§ **Problem description**: Begin your copy at the line with "baby girls floral" in the records below and end it at the line with "Superman - Wartorn", restating each line word for word; omit the pictures.

§ **Supplied information**:
- - -

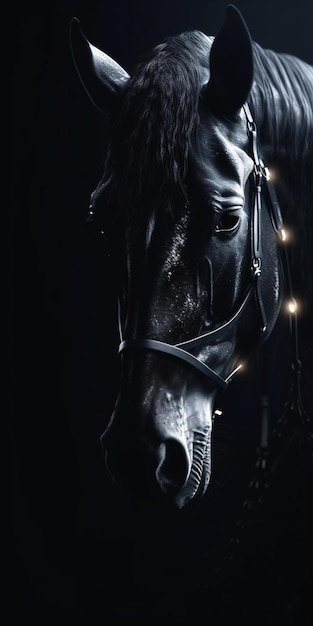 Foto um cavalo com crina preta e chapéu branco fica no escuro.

- - -

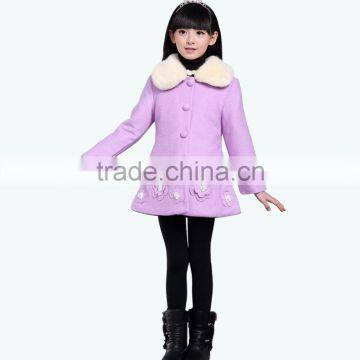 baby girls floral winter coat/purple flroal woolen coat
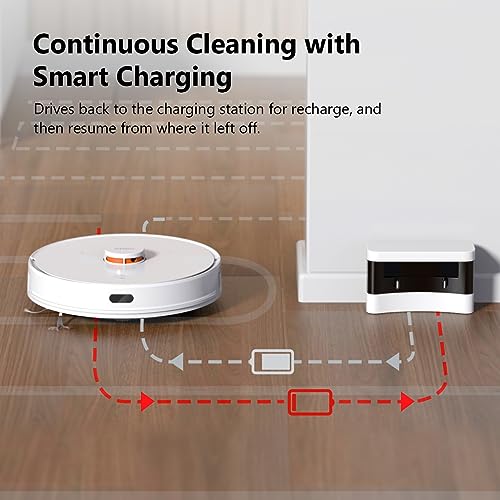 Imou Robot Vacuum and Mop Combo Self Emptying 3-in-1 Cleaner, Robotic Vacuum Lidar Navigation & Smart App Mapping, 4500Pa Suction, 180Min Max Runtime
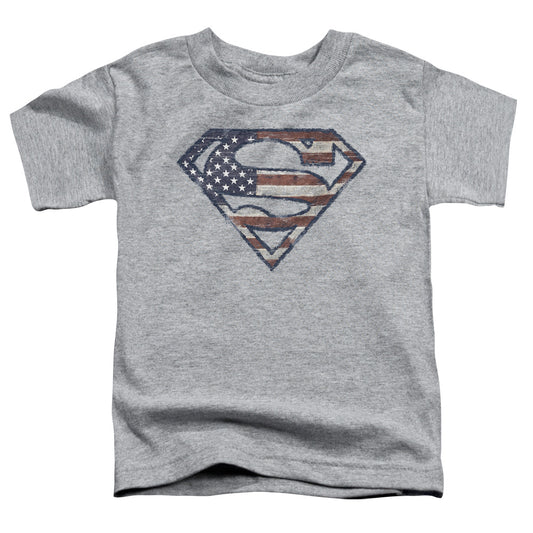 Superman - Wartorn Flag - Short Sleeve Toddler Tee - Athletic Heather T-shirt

- - -

§ **Output below**:
 baby girls floral winter coat/purple flroal woolen coat
 Imou Robot Vacuum and Mop Combo Self Emptying 3-in-1 Cleaner, Robotic Vacuum Lidar Navigation & Smart App Mapping, 4500Pa Suction, 180Min Max Runtime
 Superman - Wartorn Flag - Short Sleeve Toddler Tee - Athletic Heather T-shirt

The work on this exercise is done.